This changes the DNS engine to use addto_etchosts to add entries from
/etc/hosts into the DNS cache, rather than just inserting them using
push_front.
The reason for this is that there is a static unsigned variable in
addto_etchosts that keeps track of how many entries there are in the
cache. Using push_front bypassed this variable, allowing the entries in
/etc/hosts to sneak in under the radar. Thus is was possible for the
cache to contain, say, 266 entries when it thought it only had 256.
When the cache size is greater than or equal to 256, addto_etchosts runs
a deletion pass aiming to reduce the number of entries to 126. But the
peculiar loop logic of that function means that more than 256 entries
can be deleted. (How many more depends in part on how many entries there
are in /etc/hosts. There must be at least one for the hang to occur.)

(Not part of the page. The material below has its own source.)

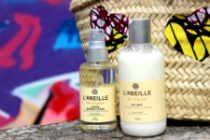 L&rsquo;Abeille 1730 : Savons & cosmétiques naturels à l&rsquo;huile d&rsquo;olive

When this happens, the signed counter underflows and becomes large
positive, ~65000. The code empties the cache trying to get the counter
under 127, but it can never happen.
To reproduce the hang, make an /etc/hosts file like this:
1.0.0.1 host-1-1
1.0.0.2 host-1-2
1.0.0.3 host-1-3
1.0.0.4 host-1-4
1.0.0.5 host-1-5
1.0.0.6 host-1-6
1.0.0.7 host-1-7
1.0.0.8 host-1-8
1.0.0.9 host-1-9
1.0.0.10 host-1-10
2.0.0.1 host-2
3.0.0.1 host-3
...
254.0.0.1 host-254
255.0.0.1 host-255
The hang can occur with even one entry in /etc/hosts, but saturating the
cache like this makes the hang less dependent on network conditions.
Then list-scan a netblock that is greater in size than 256 and is dense
in DNS entries (at least 256 entries per 4096 IP addresses). For
example,
nmap -sL scanme.nmap.org/22
works for me currently.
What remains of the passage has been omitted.